Very large number of `veth` interfaces

markvr · April 3, 2017, 2:29pm

I think I’ve come across another major bug in the “docker-for-azure” project. This bug combined with the broken logging implementation means that personally I don’t think this project is tested enough to be out of beta yet. One day it will be really useful, but in it’s current form it’s turning out to be more hassle than just building a swarm manually.

Expected behavior

Docker to clear up interfaces when containers stop

Actual behavior

Interfaces are left behind.

swarm-manager000000:~$ ifconfig | grep veth | wc -l
572

Additional Information

Rebooting the host clears the interfaces, but that isn’t really a solution as it’s disruptive to other running containers.

Steps to reproduce the behavior

Start a service where the containers fail and get restarted by the swarm manager. In my case this was because of port bindings that use --publish mode=host
Watch the number of interfaces rise.

markvr · April 3, 2017, 2:41pm

Having said that, I am trying the “edge” channel because I wanted to test using the “Cloudstor” plugin. I don’t know if this bug is also on the “stable” channel?
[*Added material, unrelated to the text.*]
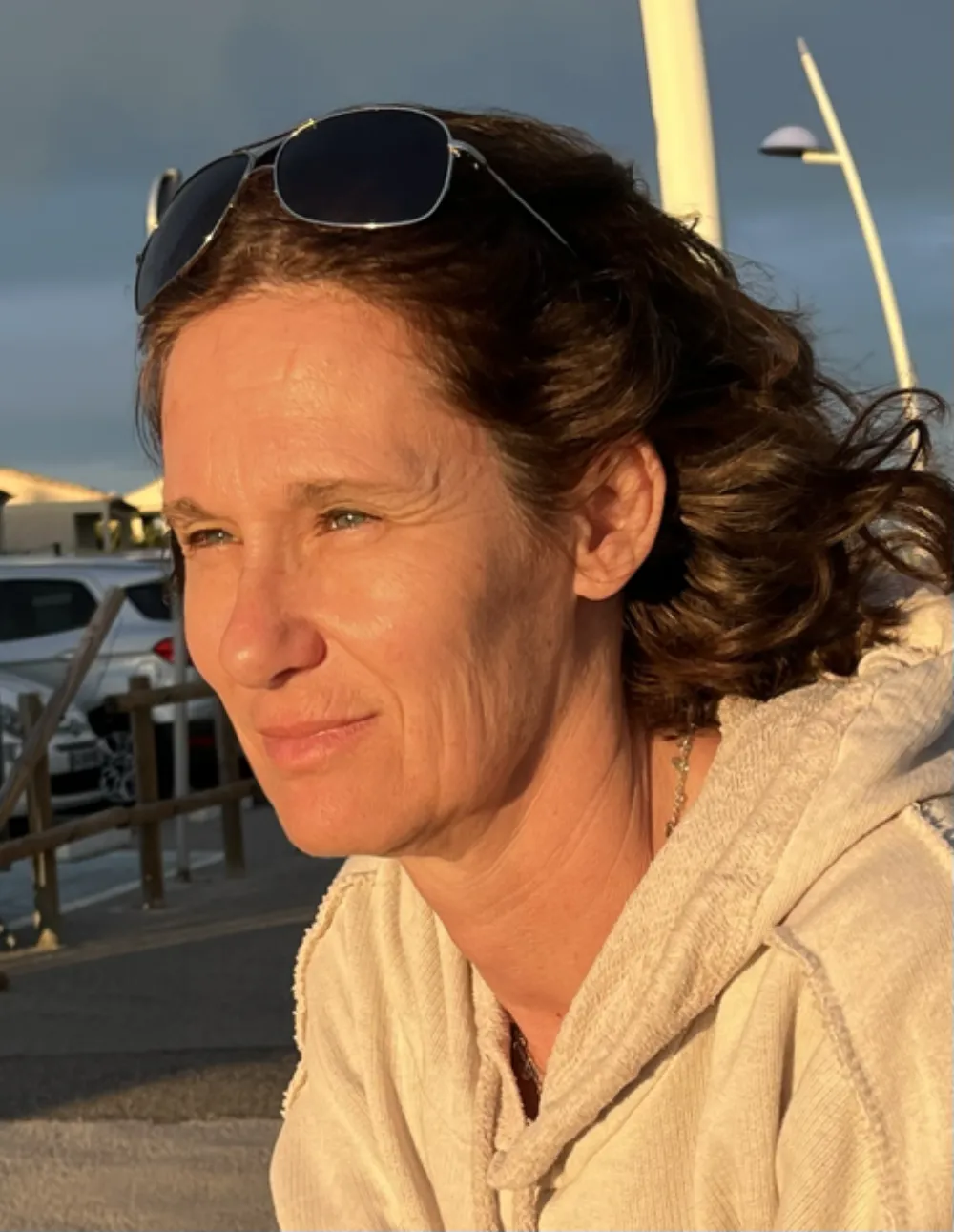 Catherine Deroche Bouchery, professeure de Vini Yoga dans le Vercors et au Grand-Lemps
ddebroy · April 3, 2017, 6:56pm

@markvr Thanks for the feedback so far. The veth leak is most likely a bug in the docker engine rather than something specific to Docker4Azure. I am still investigating it with other members of the team and will get back regarding findings.

The logger issue should be fixed in the recent patch release for the stable channel (17.03.1) (https://download.docker.com/azure/stable/17.03.1/Docker.tmpl). The docs are in the process of being updated to announce the release. In edge channel, the fix will be available as part of the April (17.04) release.

ddebroy · April 5, 2017, 10:12pm

@markvr Can you please indicate the exact command line you used to spin up the service where the tasks kept failing?

I tried something along the lines of the following pinning everything to the single/current node:

docker service create --replicas 20 --constraint 'node.id == 9n2vp2nwq4yho642w5eib42h6' --publish mode=host,target=80,published=8080,protocol=tcp --name ping2 ddebroy/print:ddr1

What I find is that while the number of veths do rise up (to say about 30), their numbers do stay at a certain level (between 20 and 30) and they also do get cleaned up (dropping to 20). So they do not keep rising monotonically which would be the symptom of a leak. This makes sense since docker service will keep trying to respawn the failed tasks (which you can see under docker service ps) since it isn’t aware the task specification is invalid. If you remove the service (docker service rm) all the veths are cleared and their numbers fall back to the number prior to the service being kicked off.

I think this behavior is by design and not a bug assuming what I tried below is similar to what you were trying. Please let us know what you think.

markvr · April 6, 2017, 7:39am

Hmmm it sounds like the interfaces were cleared up as expected in your test.

I’m afraid can’t remember the exact command, it might have happened over a period of time and I just happened to notice it. This has happened before and I raised it on the Github tracker (https://github.com/docker/for-azure/issues/11) with a diagnostic session which might help.

I’ve decided not to use “docker-for-azure” for our project. IMO there are still too many bugs & issues with it, and there has been no response to any bugs raised by me or others on the issue tracker. Combined with not being open source means I’ve spent significant time trying to reverse engineer what is going on, e.g. why bind-mounts don’t work, and the logging.

We are also trying to migrate an existing legacy system to it, and we have too many edge cases (e.g. existing network topologies) that we need to work with. I’ve have had to customise the Azure template in various ways to fit these requirements, and in the end decided it would easier to simply build a swarm from scratch then I know exactly how it is configured.